Review by Karl Verhoven
Over what’s for Manga standards a positively curt five volumes, Basilisk is a sweeping, dynastic historical saga set in the isolated Japan of the 1600s. The era is common territory for Japanese graphic novels – Blade of the Immortal and Lone Wolf and Cub are the standouts – but Masaki Segawa adapts his work from a novel, Futaro Yamada’s The Kouga Ninja Scrolls.
The opening chapter sets the scene. The Iga and the Kouga clans have been at war for hundreds of years, complicated by disagreements and schisms within those clans. In order to prevent perpetual internecine bloodshed, a decision is reached that scraps a previous truce. Each clan will set ten ninjas against the chosen representatives of the other, and the ultimately victorious side will rule the territory unchallenged for the next thousand years.

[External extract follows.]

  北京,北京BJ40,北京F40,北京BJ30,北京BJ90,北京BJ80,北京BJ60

This would be all well and good were it not for the complication of a Romeo and Juliet style relationship.
Having set the scene via a seemingly restrained sealing of the agreement, the plot veers into an extremely surprising sequence emphasising the Japanese concept of honour and loyalty, and the human price this costs. Subsequent chapters are all titled ‘Kill Number X’ as they count down the fatalities.

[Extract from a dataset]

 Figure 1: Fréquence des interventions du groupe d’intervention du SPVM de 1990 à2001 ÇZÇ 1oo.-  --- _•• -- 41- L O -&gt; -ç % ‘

For all the trappings, there’s not too great a removal from superheroes about Basilisk. The assorted combatants have extraordinary abilities, and while allegiance to a clan provides a more complicated motivation, the talents of several over the series will be familiar to X-Men readers. This is no bad thing, as the unpredictable use of known powers adds a spice to the proceedings, and as illustrated by Segawa there are some memorable grotesques. The Toad analogue, for instance, is deadly.
The downside to Basilisk is that the plot proceeds very slowly as the assorted battles occupy a significant percentage of the page count. After the original agreement proceedings here barely move beyond a forest for 150 pages. There’s also a strangeness about what little dialogue there is. Gennosuke Kouga addresses his bride with “We will break through the chains that have imprisoned our two clans and the bells of peace will ring throughout our two valleys”. It’s uncertain if that’s Gennosuke in character laying it on with a trowel, Yamada the writer doing the same, or a genuine poetic innocence.
By the end of this volume several names have already been scrawled off the original scroll, some going to their deaths unaware the truce is at an end. There is a tension fostered, and a curiosity as regards the outcome, but also a tendency to pull surprises from a hat. Perhaps book 2 will pick up the pace.